I saw the movie, Savages, last week. It is about two friends who run a huge drug-dealing operation in California but get mixed up with a violent Mexican cartel that leads to the kidnapping of the woman who sleeps with both friends. Lots of bloody murders and risky situations leave the friends confronting the potential loss of the one they love. We see these types of movies because we are not the characters depicted, yet we are curious. What would we do if in their situation?

You want the race of adrenaline that comes with jeopardizing your life or taking the life of another – provided there are no consequences. We don’t want blood on our hands. But we will rubberneck it all day long as a filmgoer or fiction reader.

But maybe all of this time spent in fictional worlds erodes our ability to live the real life that we have. Maybe all of this entertainment is just a distraction that contributes to our enslavement to a life unfulfilled and incomplete.
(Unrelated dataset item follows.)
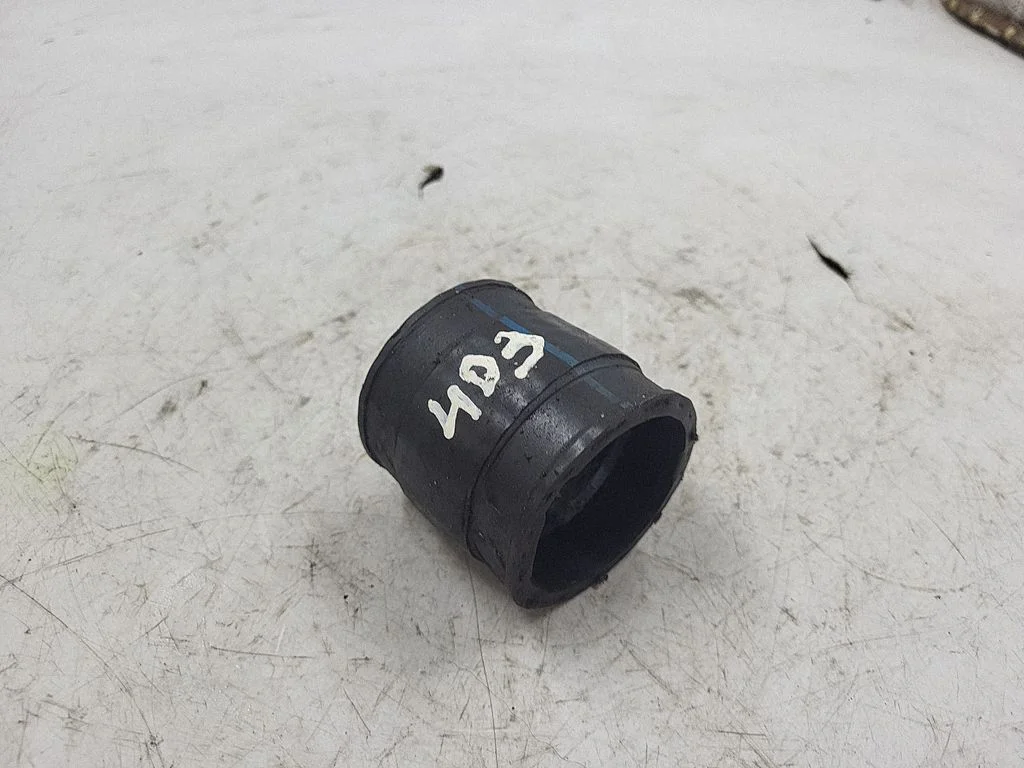 Intercooler hose/pipe 1H0145834E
Perhaps. But since I cannot beat the shit out of the many who annoy me, I will settle for surrogate violence in my fiction. I should have thanked each and every one of the authors in the room for helping to complete me, but I suspect most of them would just drift off mentally to other landscapes, where a good beat-down, building explosion, or torrid affair awaits them.

By the way, Thrillerfest looks to be an amazing event. Big-time writers were there, including Lee Child, RL Stine, Jack Higgins, John Sandford, Catherine Coulter, Ann Rule, and Richard Patterson. Awards are given out. Networking is taking place. And plenty of workshops take place, each examining things of interest to the writer of today. A sample of the topics covered included:

·        How to create a spellbinding series character
·        Balancing life’s demands with writing
·        Does sex really sell?
·        How do you research your novels?
·        What to do with the rights you own?
·        Is indie publishing for you?
·        How do you survive a creative collaboration?
·        How is crime evolving?

Check out for more information. Remember, read some violent thrillers. They may just save a life.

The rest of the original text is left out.